Les anciennes républiques se sont éclipsées. Le monde s’en est à peine aperçu. Le jour où la France s’éteindrait, le crépuscule se ferait sur la terre.

Nous sommes loin de dire pourtant que les anciennes républiques furent inutiles au progrès de l’Europe, mais il est certain que la France est nécessaire.

Pour tout résumer en un mot, des anciennes républiques il ne sortait que des faits ; de la France il sort des principes.

Là est le bienfait. Là aussi est le danger.

De la mission même que la France s’est donnée, c’est-à-dire, selon nous, a reçue d’en haut, il résulte plus d’un péril, surtout plus d’une alarme.

L’extrême largeur des principes français fait que les autres peuples peuvent vouloir se les essayer. Être Venise, cela ne tenterait aucune nation ; être la France, cela les tenterait toutes. De là, des entreprises éventuelles que redoutent les couronnes.

La France parle haut, et toujours, et à tous. De là un grand bruit qui fait veiller les uns ; de là un grand ébranlement qui fait trembler les autres.

Souvent ce qui est promesse aux peuples semble menace aux princes.

Souvent aussi qui proclame déclame.

La France propose beaucoup de problèmes à la méditation des penseurs. Mais ce qui fait méditer les penseurs fait aussi songer les insensés.

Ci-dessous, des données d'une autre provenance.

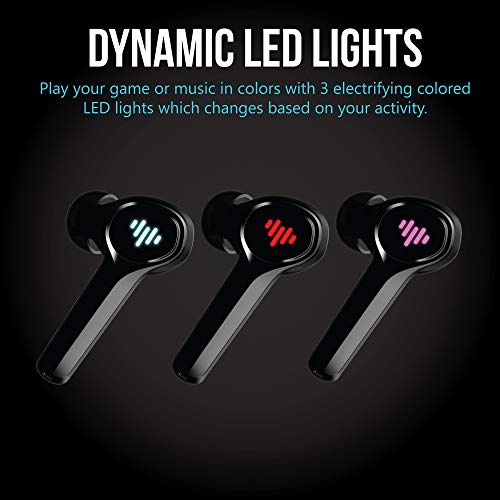 iLuv SG100 Gaming Wireless Earbuds, Bluetooth in-Ear with Changing LED Lights Ultra-Low 60ms Latency and Hands-Free Call MEMS Microphone, Includes Compact Charging Case and 4 Ear Tips, Black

Parmi ces problèmes, il y en a quelques-uns que les esprits puissants et vrais résolvent par le bon sens ; il y en a d’autres que les esprits faux résolvent par le sophisme ; il y en a d’autres que les esprits farouches résolvent par l’émeute, le guet-apens ou l’assassinat.

Et puis, — et ceci d’ailleurs est l’inconvénient des théories, — on commence par nier le privilège, et l’on a raison tout à fait ; puis on nie l’hérédité, et l’on n’a plus raison qu’à demi ; puis on nie la propriété, et l’on n’a plus raison du tout ; puis on nie la famille, et l’on a complètement tort ; puis on nie le cœur humain, et l’on est monstrueux. Même, en niant le privilège, on a eu tort de ne point distinguer tout d’abord entre le privilège institué dans l’intérêt de l’individu, celui-là est mauvais, et le privilège institué dans l’intérêt de la société, celui-ci est bon. L’esprit de l’homme, mené par cette chose aveugle qu’on appelle la logique, va volontiers du général à l’absolu, et de l’absolu à l’abstrait. Or, en politique, l’abstrait devient aisément féroce.